Dataset items
::::

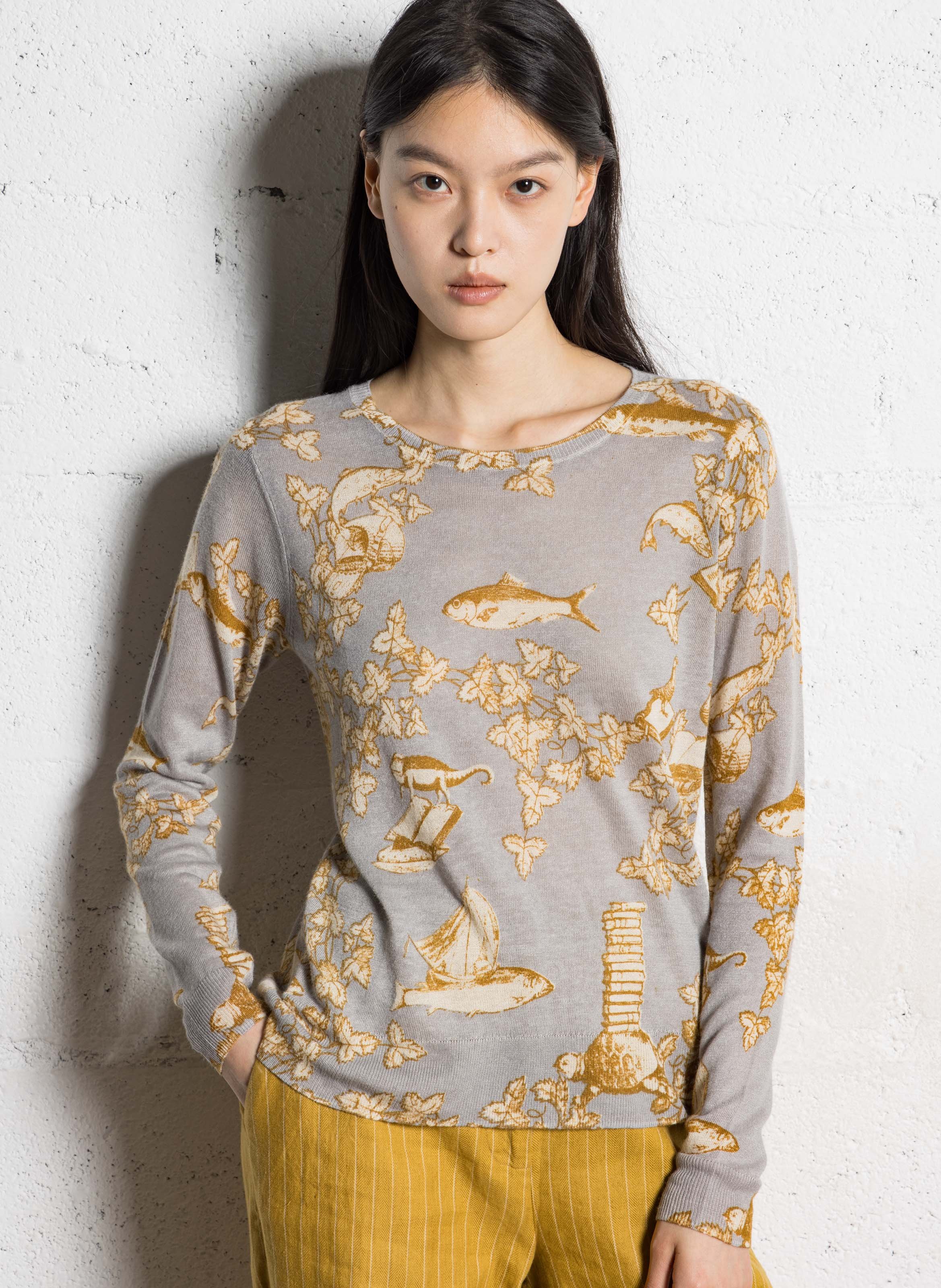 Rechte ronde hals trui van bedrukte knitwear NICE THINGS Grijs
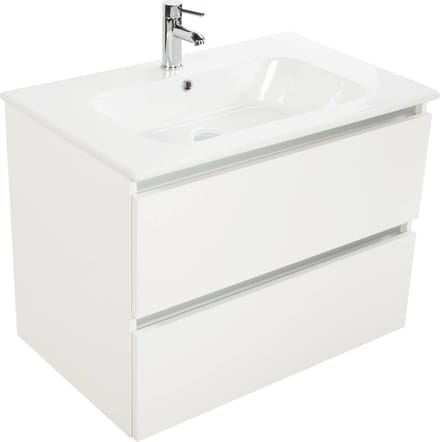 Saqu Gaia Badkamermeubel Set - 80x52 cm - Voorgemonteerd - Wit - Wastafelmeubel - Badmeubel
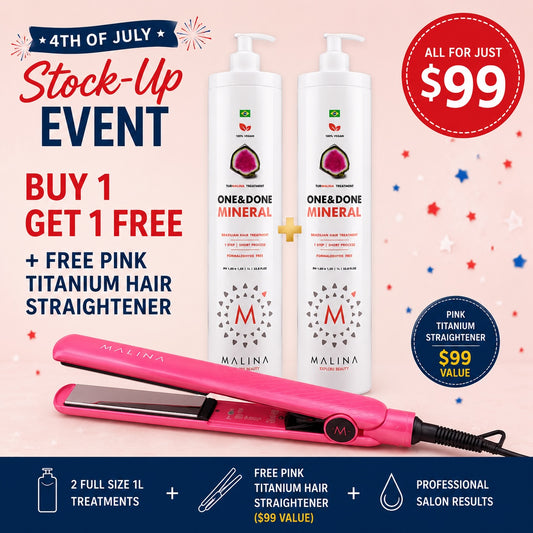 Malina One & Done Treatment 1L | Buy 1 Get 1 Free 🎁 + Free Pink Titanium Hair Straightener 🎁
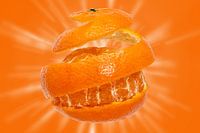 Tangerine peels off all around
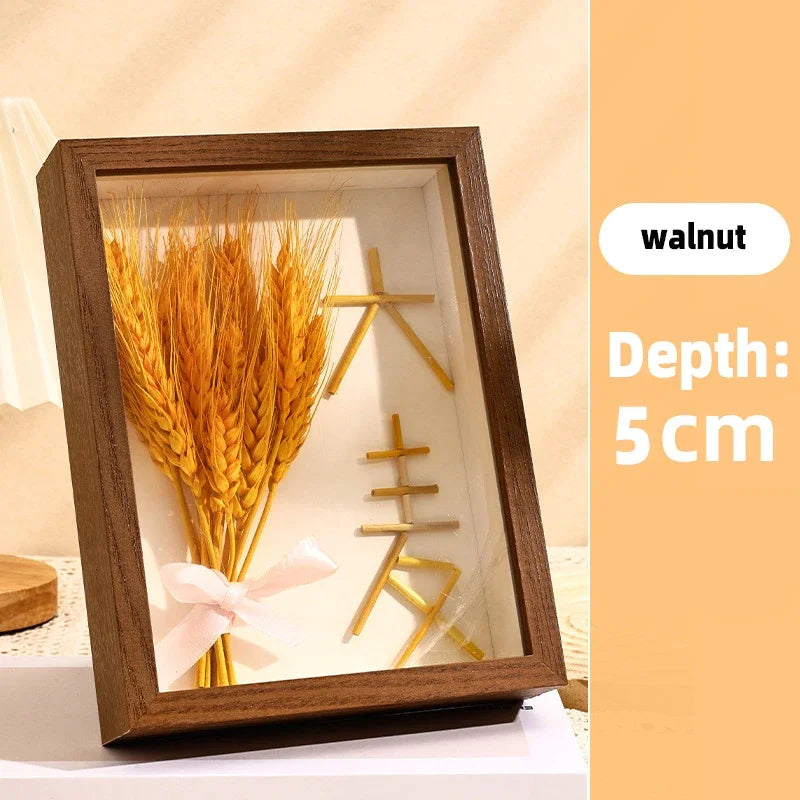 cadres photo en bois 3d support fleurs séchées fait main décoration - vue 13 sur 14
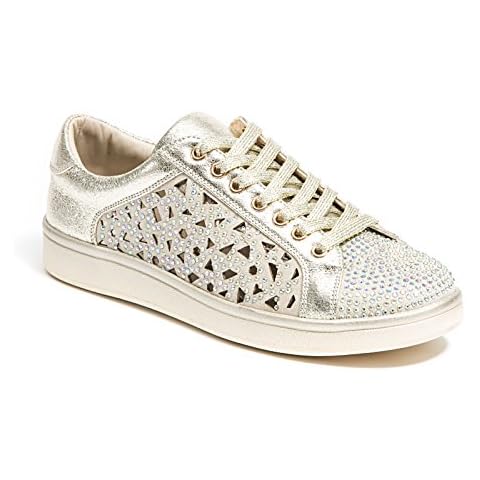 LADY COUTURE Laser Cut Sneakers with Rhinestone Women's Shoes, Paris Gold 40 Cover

::::

# EXERCISE BRIEF
What is needed is an exact reprint of every entry, pictures excluded.

# EXERCISE SOLUTION
 Rechte ronde hals trui van bedrukte knitwear NICE THINGS Grijs
 Saqu Gaia Badkamermeubel Set - 80x52 cm - Voorgemonteerd - Wit - Wastafelmeubel - Badmeubel
 Malina One & Done Treatment 1L | Buy 1 Get 1 Free 🎁 + Free Pink Titanium Hair Straightener 🎁
 Tangerine peels off all around
 cadres photo en bois 3d support fleurs séchées fait main décoration - vue 13 sur 14
 LADY COUTURE Laser Cut Sneakers with Rhinestone Women's Shoes, Paris Gold 40 Cover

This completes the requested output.